By Craig R. Kirchner
PROMPT — The way I see it ...
Coffee brewing at 6:45 and the ants beat me to the sugar.
The size of two pinheads, but there are hundreds,
in an important trek to their morning compulsion.
Four friends, two couples, agreed the night before
that the sunrise at 7:12 over the ocean is worth
getting up a bit early and is only a block away.
The waves are a powerful, that is regular, like heartbeat,
only louder and forever. The marriage of ocean and sky,
light and dark grey merge to mime infinity.
A slow-yellow progresses, the low clouds light bright white
and purple-pink. The crescent pierces the horizon,
nothing compares, there is no metaphor for this event.
There is the awe and the ants, small, smaller than I’ve ever seen,
so concerned with their sugar, perhaps realizing
the shabby arrogance of Pawleys, but not the majesty at its beach.
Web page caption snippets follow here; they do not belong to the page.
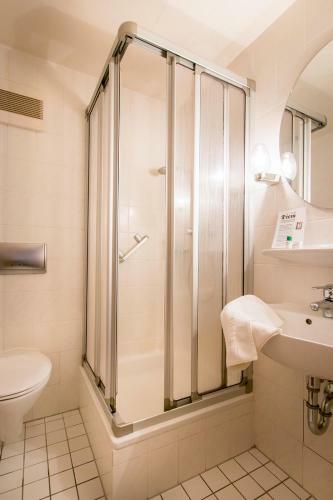 Hotel Gasthof Diem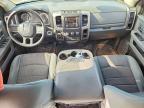 2014 Dodge RAM 1500 SLT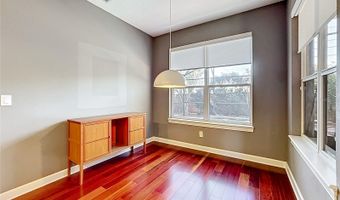 3619 SUPREME Ct, Apopka, FL 32703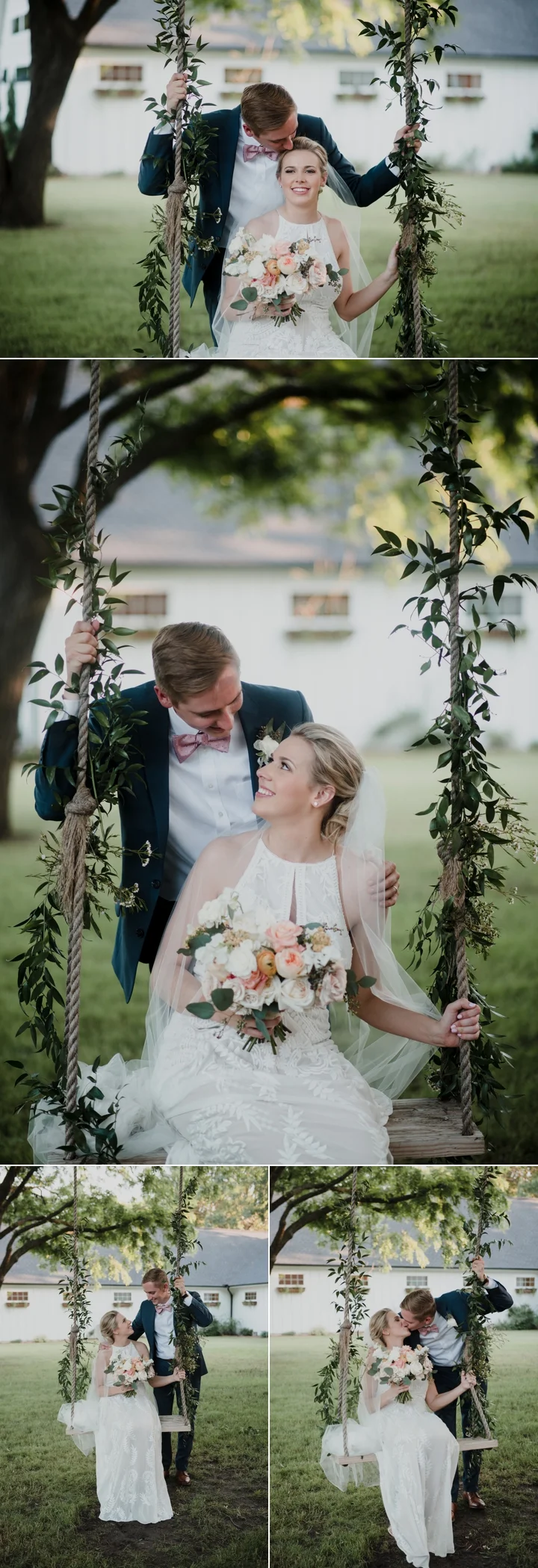 destination-wedding-photographers 20.jpg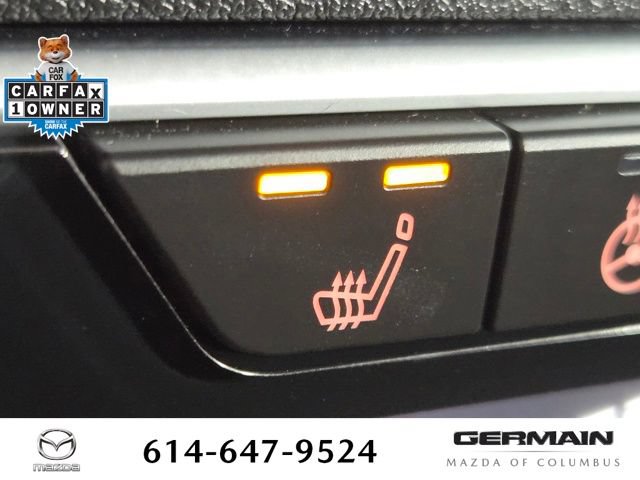 Used 2019 Nissan Altima 2.5 SV FWD image 34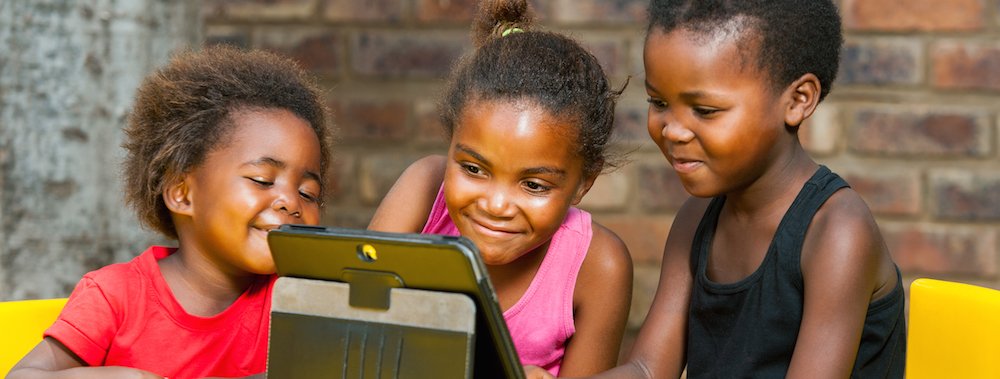 How Do We Know When Technology Helps—or Hurts—the Classroom? bit.ly/2aO56ha #edtech #edchat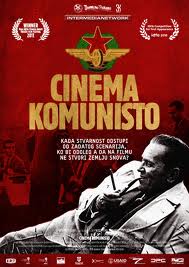 Cinema_Komunisto.jpg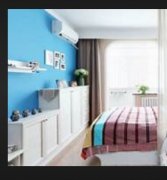 大只500卫生间防水多少钱一平方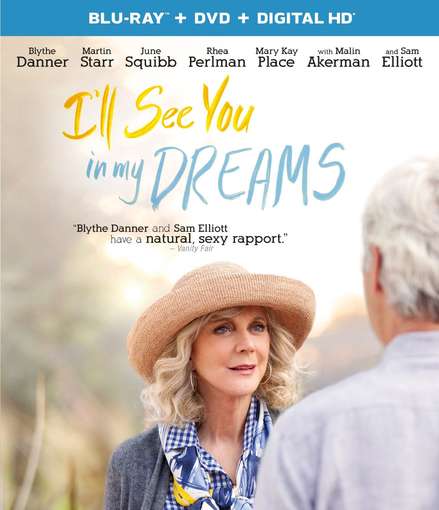 I'LL SEE YOU IN MY DREAMS (2PC) (W / DVD) / -I'LL SEE YOU IN MY DREAMS (2PC) (W / DVD) / 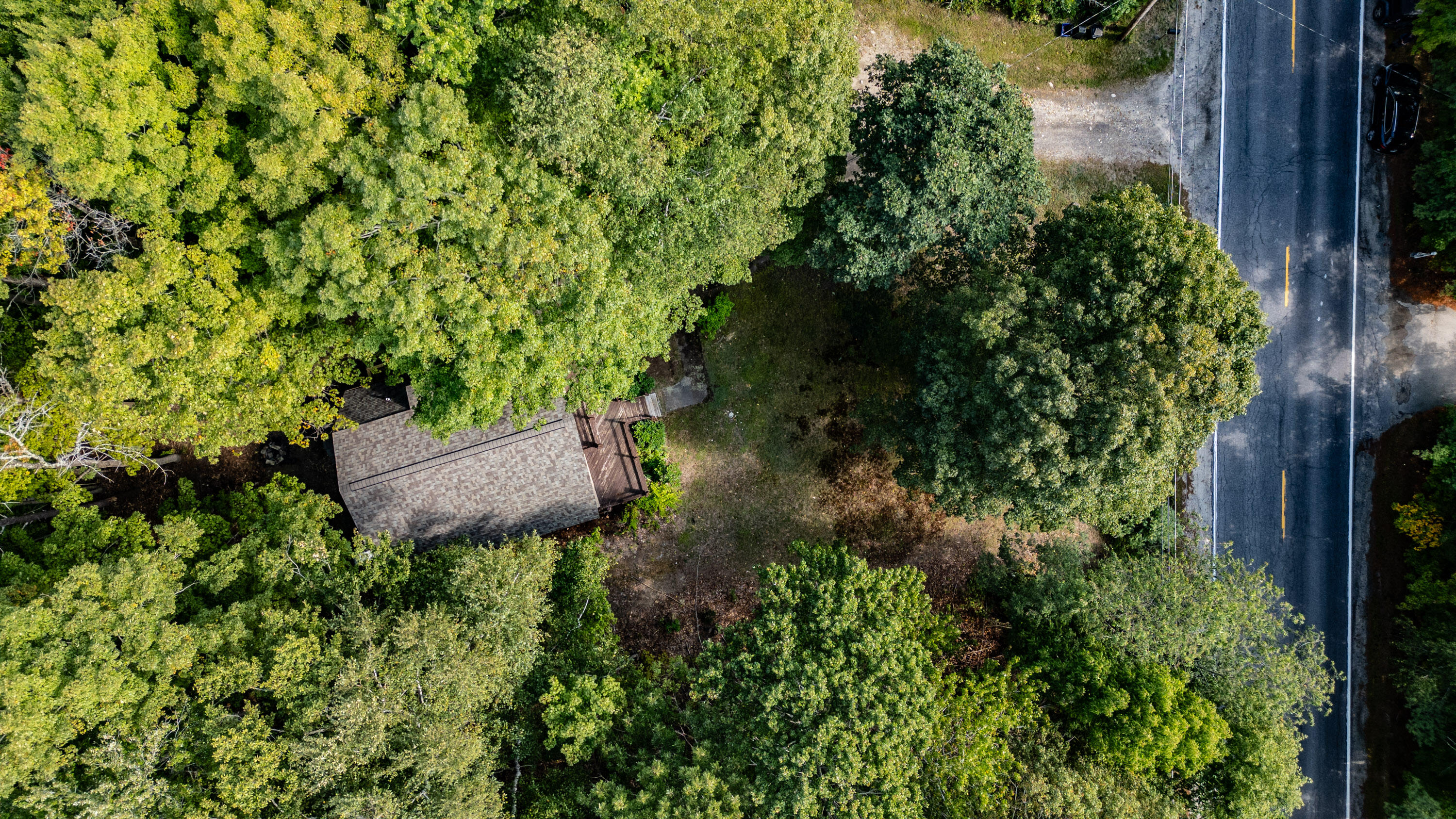 481 Webbs Mills Road Raymond, ME 04071 - Photo 33 of 35 20250905gp-65095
Craig Kirchner is retired and thinks of poetry as hobo art. He loves storytelling and the aesthetics of the paper and pen. He has had two poems nominated for the Pushcart, and has a book of poetry, Roomful of Navels. He houses 500 books in his office and about 400 poems in a folder on a laptop. These words tend to keep him straight. After a writing hiatus, he was recently published in Poetry Quarterly, Decadent Review, New World Writing, Neologism, The Light Ekphrastic, Unlikely Stories, Wild Violet, Last Stanza, Unbroken, W-Poesis, The Globe Review, Skinny, Your Impossible Voice, Fairfield Scribes, Spillwords, WitCraft, Bombfire, Ink in Thirds, Ginosko, Last Leaves, Literary Heist, Blotter, Quail Bell, Ariel Chart, Lit Shark, Gas, Teach-Write, Cape, Scars, Yellow Mama, Rundelania, Flora Fiction, Young Ravens, Loud Coffee Press, Versification, Vine Leaf Press, Edge of Humanity and the Journal of Expressive Writing. He writes from Jacksonville, FL.